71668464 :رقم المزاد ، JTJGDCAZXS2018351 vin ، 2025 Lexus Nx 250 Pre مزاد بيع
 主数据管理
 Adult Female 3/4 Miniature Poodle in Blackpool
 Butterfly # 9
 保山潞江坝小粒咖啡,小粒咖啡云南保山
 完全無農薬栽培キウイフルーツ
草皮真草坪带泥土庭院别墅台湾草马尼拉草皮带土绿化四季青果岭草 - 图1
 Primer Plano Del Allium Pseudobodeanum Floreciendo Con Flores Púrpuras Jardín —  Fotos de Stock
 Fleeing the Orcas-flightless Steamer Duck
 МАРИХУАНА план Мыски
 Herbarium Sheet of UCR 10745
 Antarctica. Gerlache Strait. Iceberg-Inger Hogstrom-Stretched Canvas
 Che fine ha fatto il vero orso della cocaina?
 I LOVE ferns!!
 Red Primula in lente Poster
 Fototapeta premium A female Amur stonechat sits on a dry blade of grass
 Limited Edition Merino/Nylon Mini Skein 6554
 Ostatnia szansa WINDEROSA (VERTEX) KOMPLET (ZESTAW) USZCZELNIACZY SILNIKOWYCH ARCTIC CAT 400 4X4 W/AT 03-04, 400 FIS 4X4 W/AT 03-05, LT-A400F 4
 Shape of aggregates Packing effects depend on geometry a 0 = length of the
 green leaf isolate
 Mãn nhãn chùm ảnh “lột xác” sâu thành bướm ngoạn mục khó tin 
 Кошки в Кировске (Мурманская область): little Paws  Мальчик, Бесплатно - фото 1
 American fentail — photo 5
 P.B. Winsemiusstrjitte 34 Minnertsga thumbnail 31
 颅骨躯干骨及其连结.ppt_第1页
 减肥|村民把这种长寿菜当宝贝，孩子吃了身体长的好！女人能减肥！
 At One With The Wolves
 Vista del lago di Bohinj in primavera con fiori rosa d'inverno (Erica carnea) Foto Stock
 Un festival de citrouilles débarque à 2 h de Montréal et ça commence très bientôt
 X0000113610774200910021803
* * * *
- TO DO -
From the line containing "I LOVE ferns!!" down to the line containing "Ostatnia szansa WINDEROSA" in the material above, reproduce every line exactly, including the two end lines.

- ANSWER AREA -
 I LOVE ferns!!
 Red Primula in lente Poster
 Fototapeta premium A female Amur stonechat sits on a dry blade of grass
 Limited Edition Merino/Nylon Mini Skein 6554
 Ostatnia szansa WINDEROSA (VERTEX) KOMPLET (ZESTAW) USZCZELNIACZY SILNIKOWYCH ARCTIC CAT 400 4X4 W/AT 03-04, 400 FIS 4X4 W/AT 03-05, LT-A400F 4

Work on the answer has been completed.